Día 4: 05/08/2008 Monte Shosha y Himeji

Hoy nos hemos levantado temprano para ir a Himeji (姫路市), ciudad ubicada al oeste de Kobe que quedó casi arrasada por las bombas durante la Segunda Guerra Mundial, por eso es casi un milagro que su castillo todavía se mantenga en pie.
Si se coge la línea Shinkansen, está a menos de una hora de Kyoto, Osaka o Kobe. Queremos empezar nuestro recorrido visitando el Monte Shosha (書写山), así que al salir de la estación de trenes de Himeji nos dirigimos a la de autobuses, donde compramos un bono de ida y vuelta en teleférico (500Y solo ida y 900Y ida y vuelta). Allí mismo cogemos el bus nº 8 (250Y) que, cruzando toda la ciudad, nos lleva hasta la falda de la montaña donde se encuentra la entrada al teleférico, es la última parada y se llama "Shosha". Tardamos unos 10 minutos en ascender por la ladera de la montaña, mientras una chica hace una explicación del lugar en japonés.

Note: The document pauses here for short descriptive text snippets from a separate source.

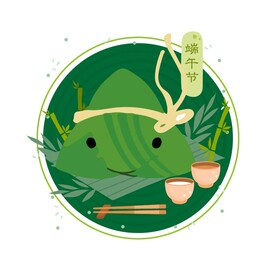 粽子插画  表情包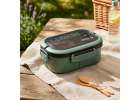 Lunch box śniadaniówka pudełko śniadaniowe z przegródkami dzielone 1200ml zielone 12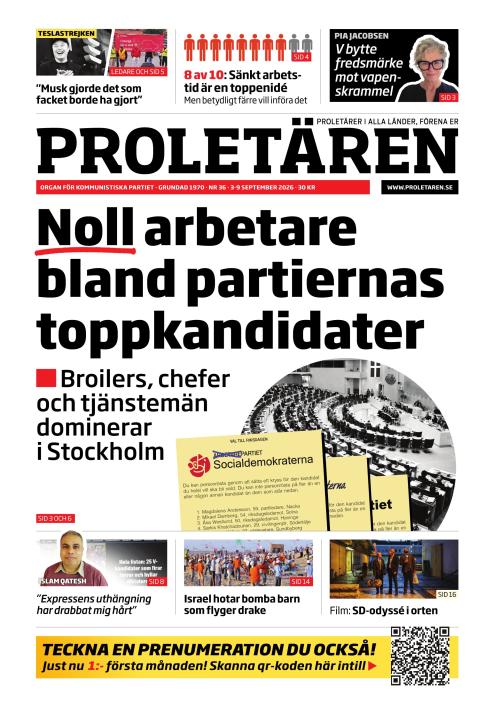 Proletären 3.9.2026
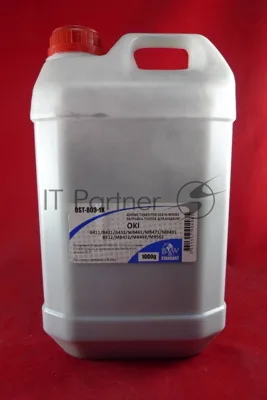 Тонер OKI B411/B431/B432/MB461/MB471/MB491/B512/MB472/MB492/MB562 Black (кан. 1кг) B&W Standart фас. Россия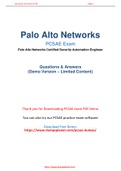 Paloalto Networks PCSAE Dumps Easily Available In PDF Format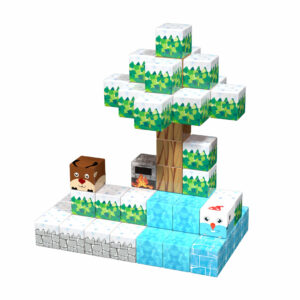 Magnetic Cubes L - Winter & Animals (64)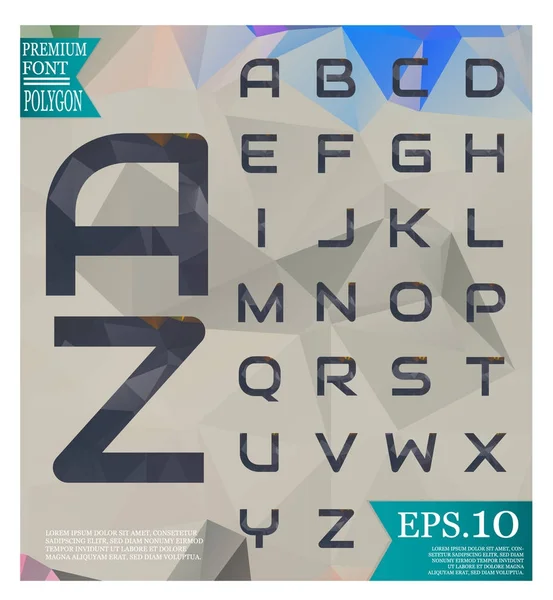 Çokgen alphabat vektör yazı tipi ve arka plan poligonal, soluk-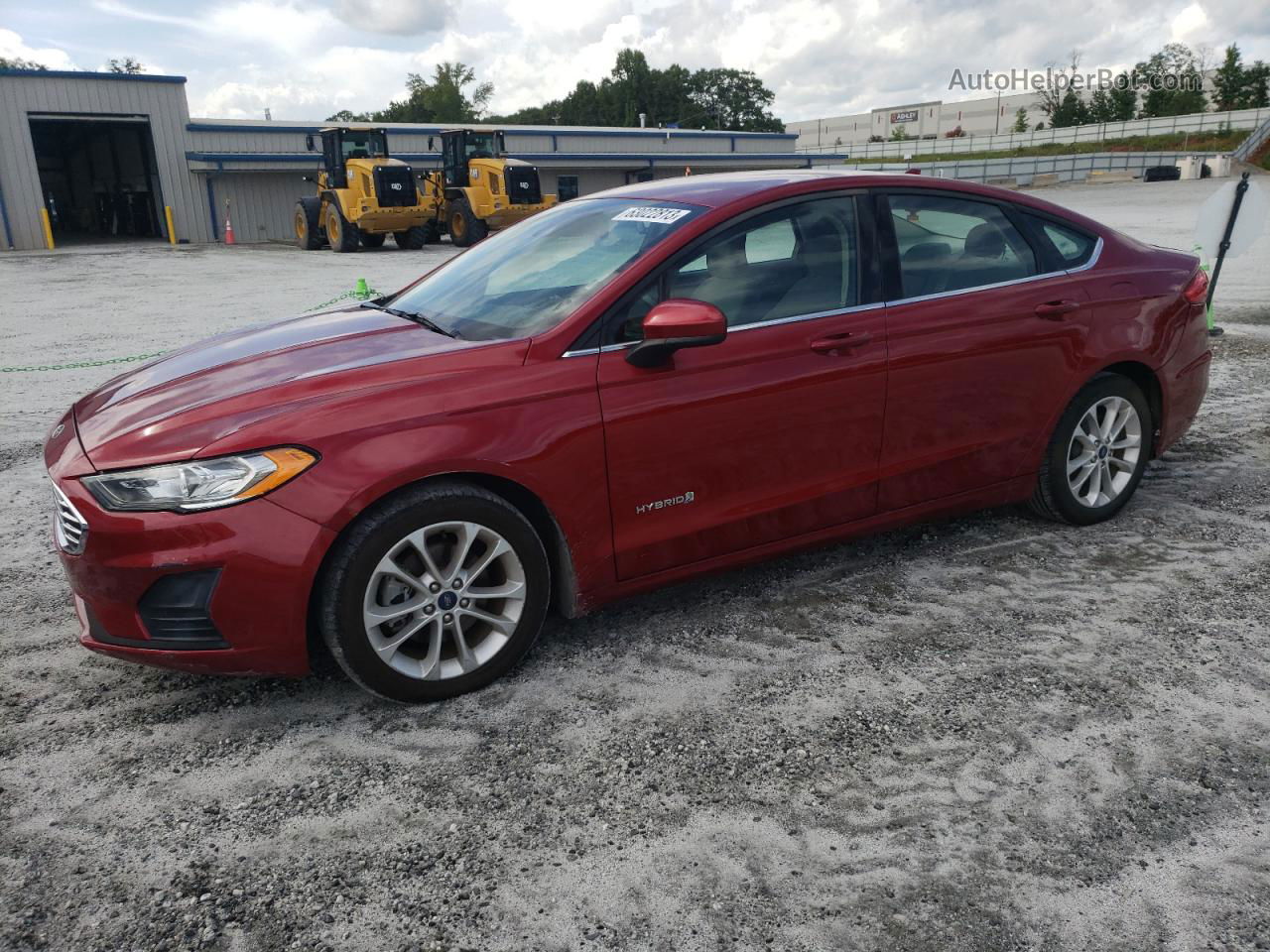 2019 Ford Fusion Se Красный vin: 3FA6P0LU9KR224851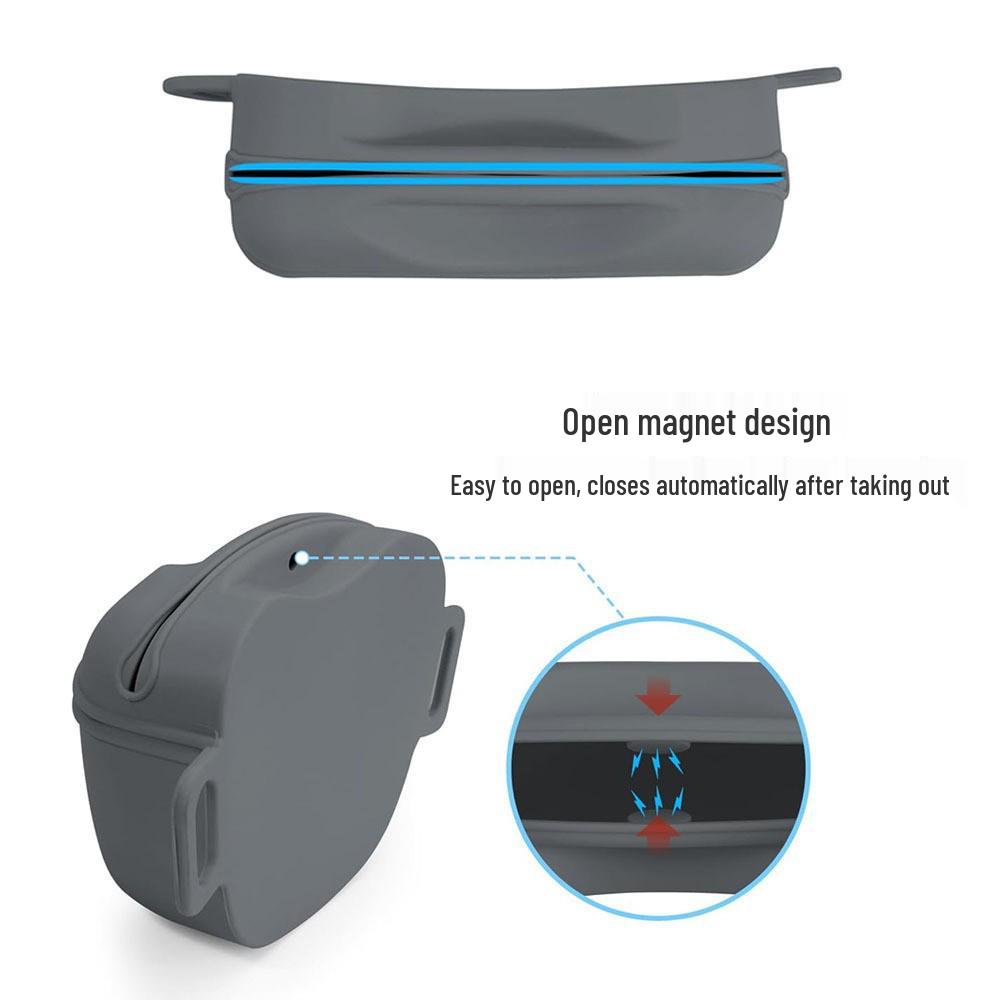 Silicone Pet Treat Bag: Waterproof, Portable Waist Bag for Outdoor Use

>> MAPAS: Guía por el Templo Engyoji en el Monte Shosha

Cuando llegamos al destino, en la base del teleférico hay unas taquillas para entrar en la zona de templos, la entrada cuesta 300Y y tiene un horario de visita de 8:30 a 17h. Hay la opción de coger el tiket de 1000Y que incluye un viaje con el microbús hasta el centro del complejo y un billete de admisión al restaurante. Nosotros decidimos ir paseando y contemplando el paisaje.
Después del parking hay un cruce de caminos para empezar el recorrido, allí hay una campana de estilo budista. Escojas el camino que escojas, ambos te llevan al primer templo. Nosotros hemos escogido el de la derecha que tiene una subida algo empinada en algunos tramos. Mientras vamos caminando podemos ver un gran número de representaciones de Kannon (三十三霊場観音像) (unas 33 esculturas) diferenciadas y muy detalladas. En mitad del camino, a mano derecha hay un lugar para descansar y desde ahí hemos contemplado el valle. En los arrozales que hay en la base de la montaña hay dibujos que representan al castillo y al pájaro, símbolo y anagrama del Monte.
El primer punto de interés es Nio Mon (仁王門), una puerta budista que da la bienvenida al conjunto de edificios. Siguiendo el camino se pasa por el templo Juryoin (寿量院) pero estaba cerrado y no hemos podido visitarlo.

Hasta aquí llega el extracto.